Abbotsford Sikh Temple National Historic Site of Canada
Abbotsford, British Columbia
Side façade from northwest.
© Khalsa Diwan Society, Abbotsford
33089 South Fraser Way, Matsqui, Abbotsford, British Columbia
Historic Sites and Monuments Act (R.S.C., 1985, c. H-4)
1910 to 1912
1932 to 1960
Event, Person, Organization:
Sunder Singh Thandi
Khalsa Diwan Society
Abbotsford Sikh Temple
Gur Sikh Temple, Gurdwara
Research Report Number:
Existing plaque: 33089 South Fraser Way, Abbotsford, British Columbia
In 1911, determined Sikh pioneers from India built this temple, or Gurdwara, with lumber carried from the nearby sawmill where many of them worked. Blending traditional Sikh and western frontier designs, the temple includes a prayer hall and a community kitchen. Not only a place of worship, it also became a centre for the social and political life of South Asian immigrants, helping them forge a vibrant community.

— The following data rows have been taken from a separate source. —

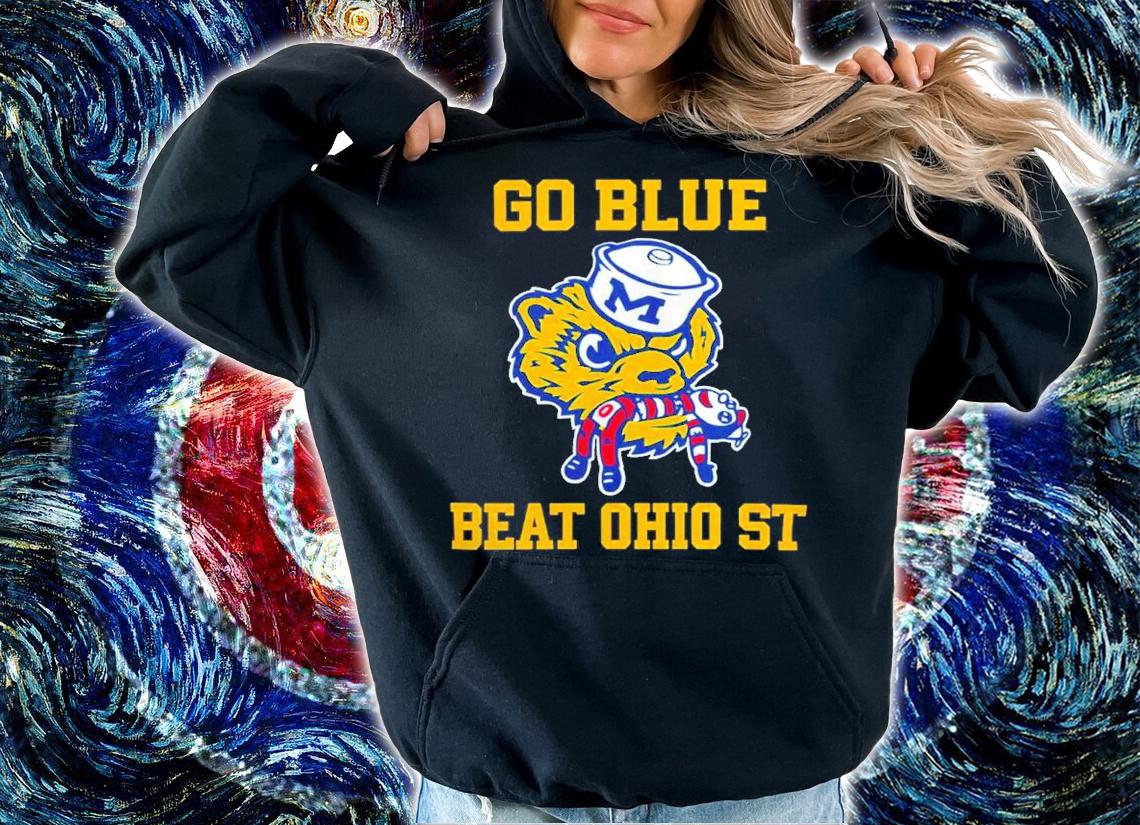 Michigan Wolverines Go Blue Beat Ohio ST Shirt t-shirt hoodie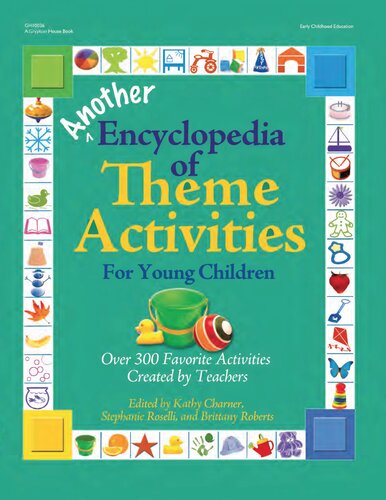 Another Encyclopedia of Theme Activities for Young Children: Over 300 Favorite Activities Created by Teachers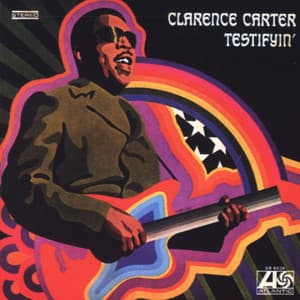 Testifyin' - Clarence Carter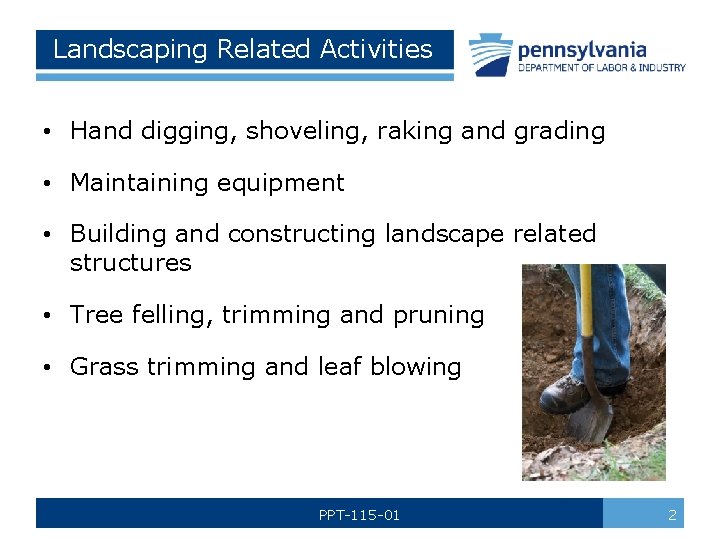 Landscaping Related Activities • Hand digging, shoveling, raking and grading • Maintaining equipment •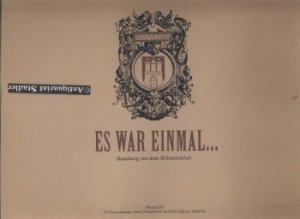 Es war einmal... Hamburg vor dem Zollanschluß. Mappe III: 10 Photoabzüge nach Originalen aus den Jahren 1883/84. Exklusiv-Edition für DIE WELT.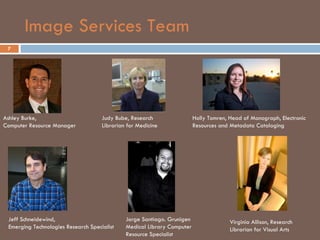 Image Services Team 7 Ashley Burke,  Computer Resource Manager Judy Bube, Research Librarian for Medicine Holly Tomren, Head of Monograph, Electronic Resources and Metadata Cataloging  Jeff Schneidewind,  Emerging Technologies Research Specialist Virginia Allison, Research Librarian for Visual Arts Jorge Santiago. Grunigen Medical Library Computer Resource Specialist 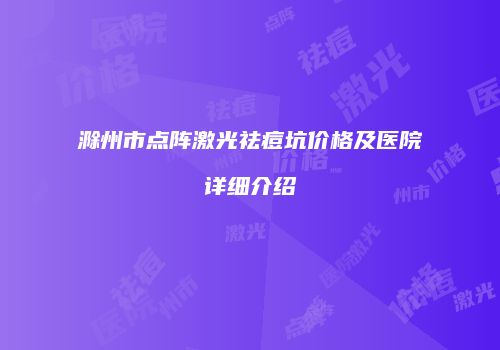 滁州市点阵激光祛痘坑价格及医院详细介绍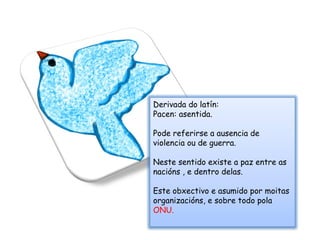 Derivada do latín: Pacen: asentida. Pode referirse a ausencia de violencia ou de guerra. Neste sentido existe a paz entre as nacións , e dentro delas.  Este obxectivo e asumido por moitas organizacións, e sobre todo pola  ONU. 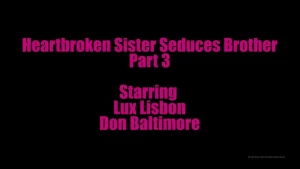 Heartbroken sister seduces brother pt 3 preview here see full video in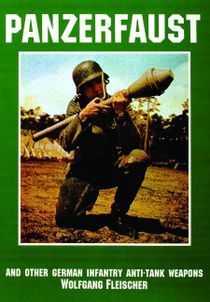 Panzerfaust and other german infantry anti-tank weapons - and other german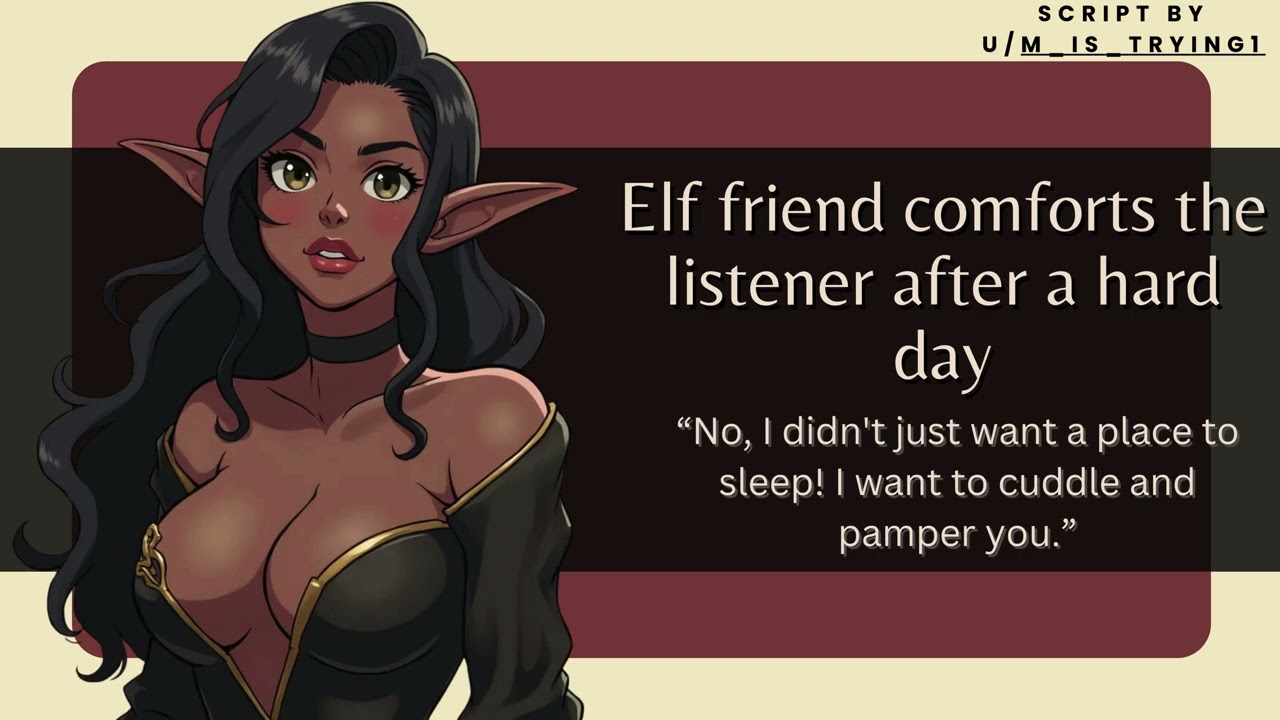 ASMR Roleplay : Elf friend comforts the listener after a hard day [wholesome] [comfort][compliments]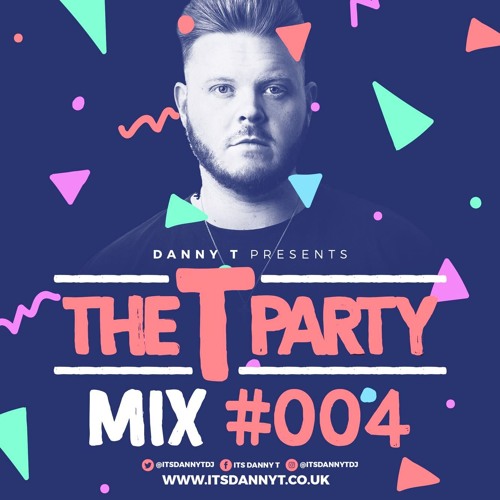 Stream Danny T The T Party Mix 004 Snapchat 'DannyTSound' by The T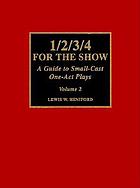 1/2/3/4 for the show : a guide to small-cast one-act plays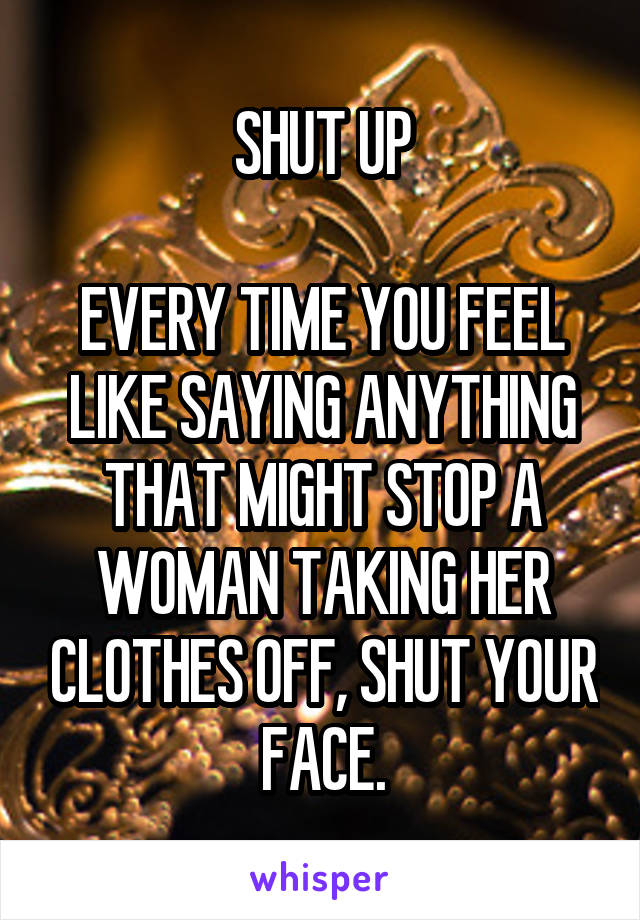 SHUT UP

EVERY TIME YOU FEEL LIKE SAYING ANYTHING THAT MIGHT STOP A WOMAN TAKING HER CLOTHES OFF, SHUT YOUR FACE.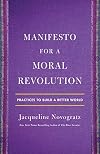 Manifesto for a Moral Revolution: Practices to Build a Better World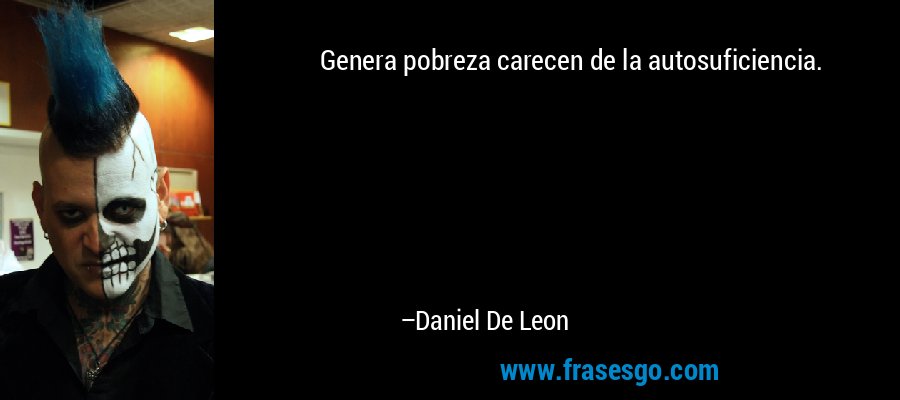 Genera pobreza carecen de la autosuficiencia. – Daniel De Leon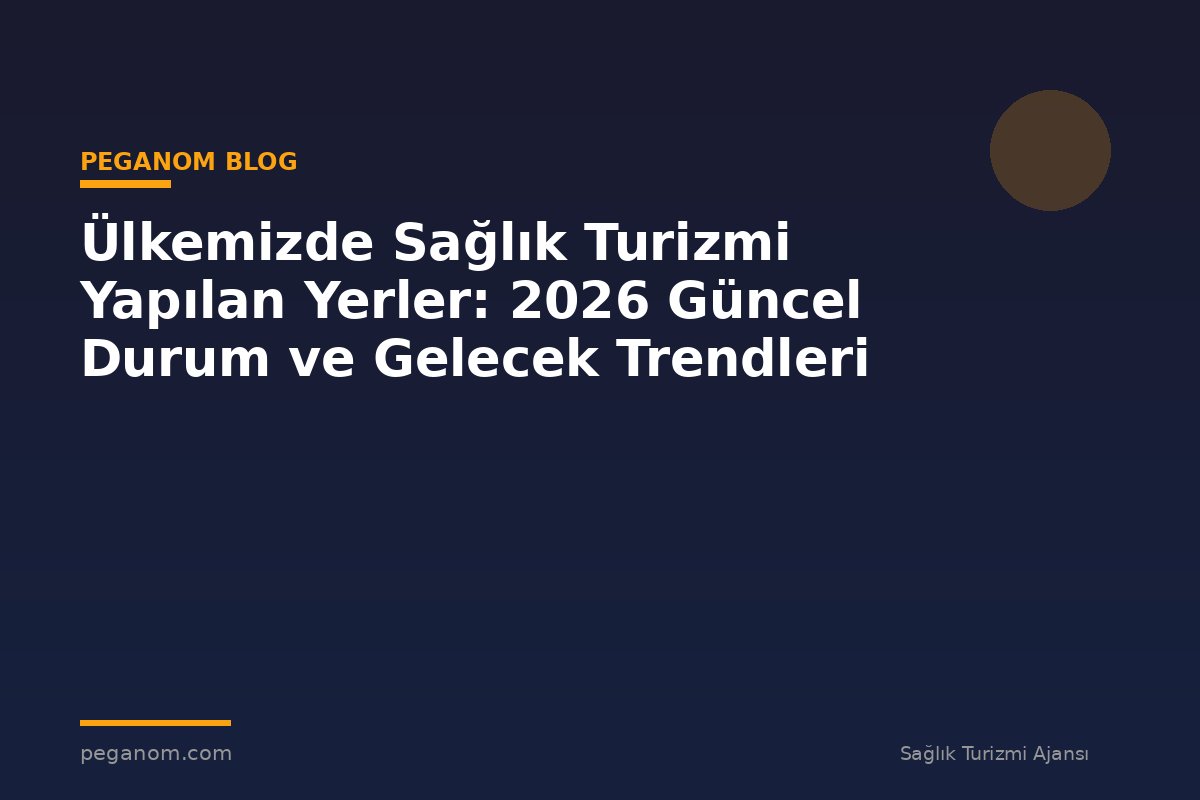 Ülkemizde Sağlık Turizmi Yapılan Yerler: 2026 Güncel Durum ve Gelecek Trendleri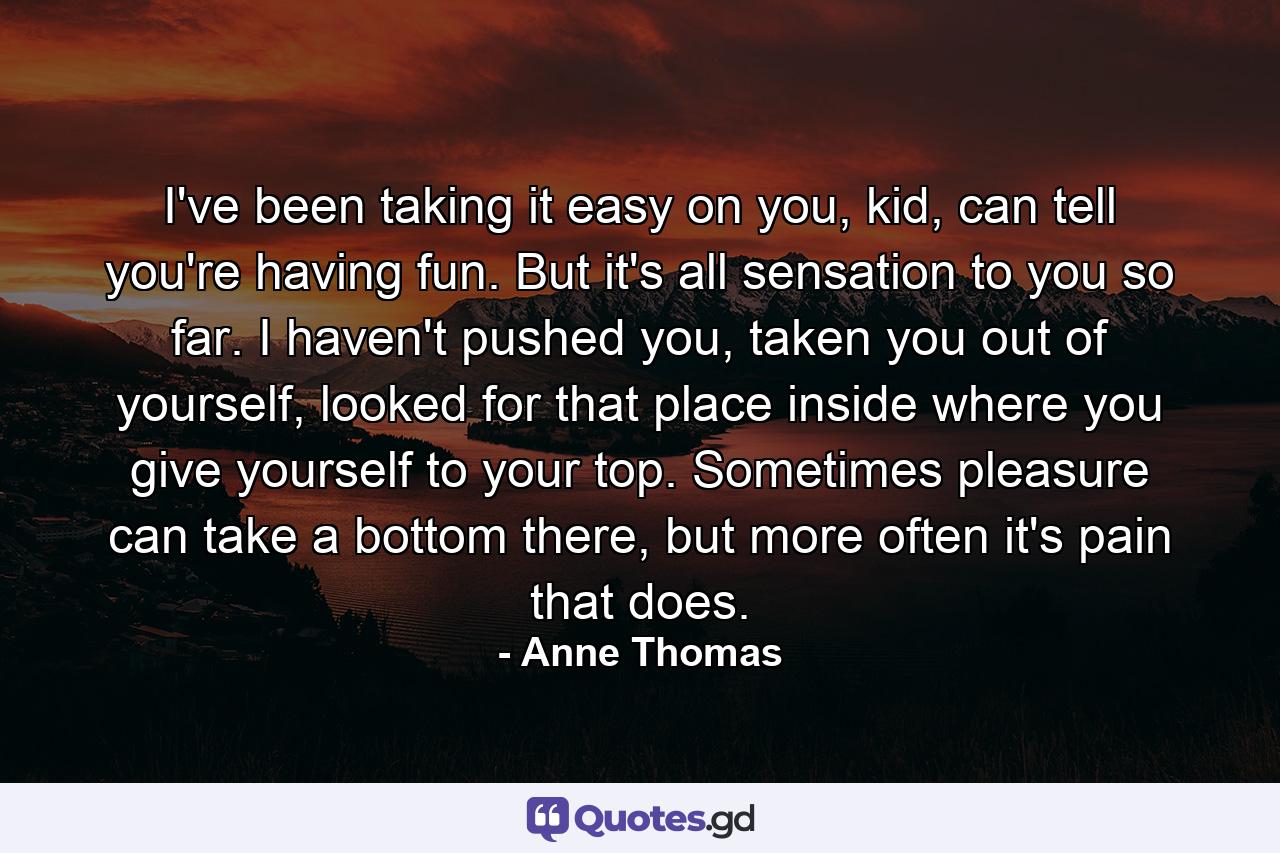 I've been taking it easy on you, kid, can tell you're having fun. But it's all sensation to you so far. I haven't pushed you, taken you out of yourself, looked for that place inside where you give yourself to your top. Sometimes pleasure can take a bottom there, but more often it's pain that does. - Quote by Anne Thomas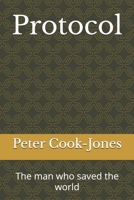 Protocol: The man who saved the world B0H172ZNKW Book Cover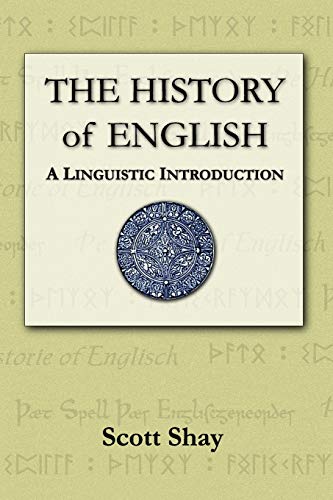 The History of English: A Linguistic Introduction
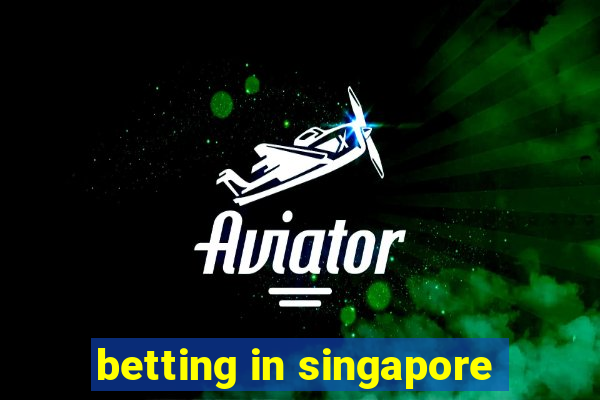 betting in singapore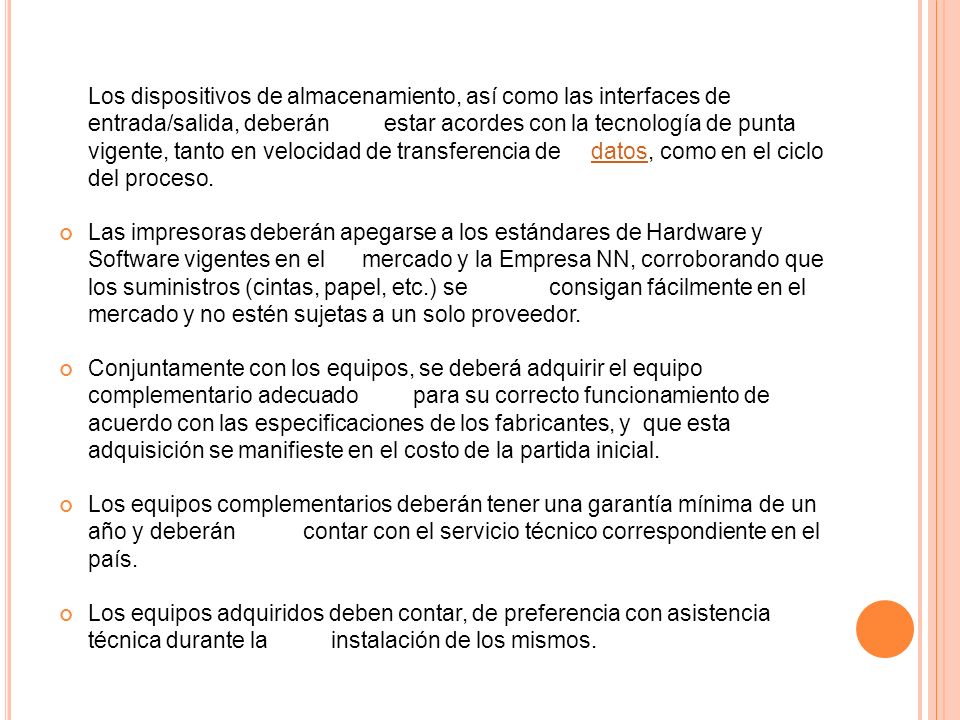 Los dispositivos de almacenamiento, así como las interfaces de entrada/salida, deberán estar acordes con la tecnología de punta vigente, tanto en velocidad de transferencia de datos, como en el ciclo del proceso.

Today, this oldest surviving Gurdwara reminds us of the immigrant experience of Sikhs in Canada, and continues to be a sacred symbol of their spirituality.
Description of Historic Place
Abbotsford Sikh Temple National Historic Site of Canada is located on a one-acre property at the crest of a hill in the centre of Abbotsford, in the Lower Fraser Valley of British Columbia. Built in 1911, this simple, rectangular, gable-roofed building is of wood-frame construction clad in wood siding. The false fronted façade that faces the street is typical of Canadian commercial vernacular architecture of the period. A verandah runs along three sides of the building on the second floor. Official recognition refers to the building and its legal lot.
Abbotsford Sikh Temple was designated a national historic site of Canada in 2002 because: it is the oldest surviving example of the temples which played a crucial religious, social and political role in the pioneer phase of Sikh immigration to North America; it continues to embody both the fundamental beliefs of the Sikhs and their early immigrant experience in Canada; and, its architectural form represents a pragmatic adaptation of Sikh traditions to the Canadian context.
The Abbotsford Sikh Temple is an early example of a Sikh temple and was part of a network of temples that represent the pioneering phase of the Sikh community in Canada. Built by early immigrants, the structure reflects the limited resources of the builders and their adaptation of a Canadian architectural type, namely, the false-front building. Built in 1911 and used continuously since then, the temple is evidence of the early roots of the Sikh community and of the larger Indo-Canadian community that is located in this region of Canada. The structure’s simple design blends a Canadian architectural form with all the key elements of a Sikh religious building’s structural traditions including the prayer hall, the four entrance doors, the Sukh Aasan, (the room where the Guru Granth Sahib was kept) and the Granthi’s quarters on the second level, the communal kitchen, and the dining area. These architectural features have religious meaning and symbolize the openness of the temple to all, regardless of caste, creed or colour.
Sources: Historic Sites and Monuments Board of Canada, Minutes, April 2002; Commemorative Integrity Statement.
The key elements that contribute to the heritage character of this site include: its prominent location on a hill in the centre of Abbotsford, making it visible from a distance as an important local landmark; the layout and functional spaces adopt the required elements of a Sikh temple and reflect fundamental Sikh beliefs: these include the prayer hall with the Sukh Aasan (the room where the Guru Granth Sahib was kept) and the Granthi’s quarters on the second level, as well as the communal kitchen and dining areas on the first level; the construction and design represent a pragmatic adaptation of the traditional Sikh temple to the Canadian environment; the wood-frame construction with false fronted façade masks a simple rectangular building with a gable roof typical of vernacular commercial architecture of the period; the volume, materials, placement and design of doors and windows including the four main doors on the second floor that provide entry through to the prayer hall from all three sides; the veranda running along three sides of the building at the second level was a recurring feature of early Sikh temples in Canada that allowed for direct access from the outside into the prayer hall originally from four sides; original exterior materials and details such as the horizontal wooden siding, door and window mouldings, chimneys, verandah supports, and railings; interior details such as the wooden arches and ornate canopy defining the altar; the early pendant light fixture and picture rail in the prayer hall, and the tongue and groove wall treatment seen in the prayer hall, the Sukh Aasan, Granthi’s room, and the kitchen and dining area on the ground floor; the Nishan Sahib, a tall flagpole flying the Sikh emblem, a yellow triangular flag with the Sikh symbol the Khanda in the centre; any archaeological resources that might be discovered; a collection of photographs and objects owned by the Khalsa Diwan Society; the modest furnishings.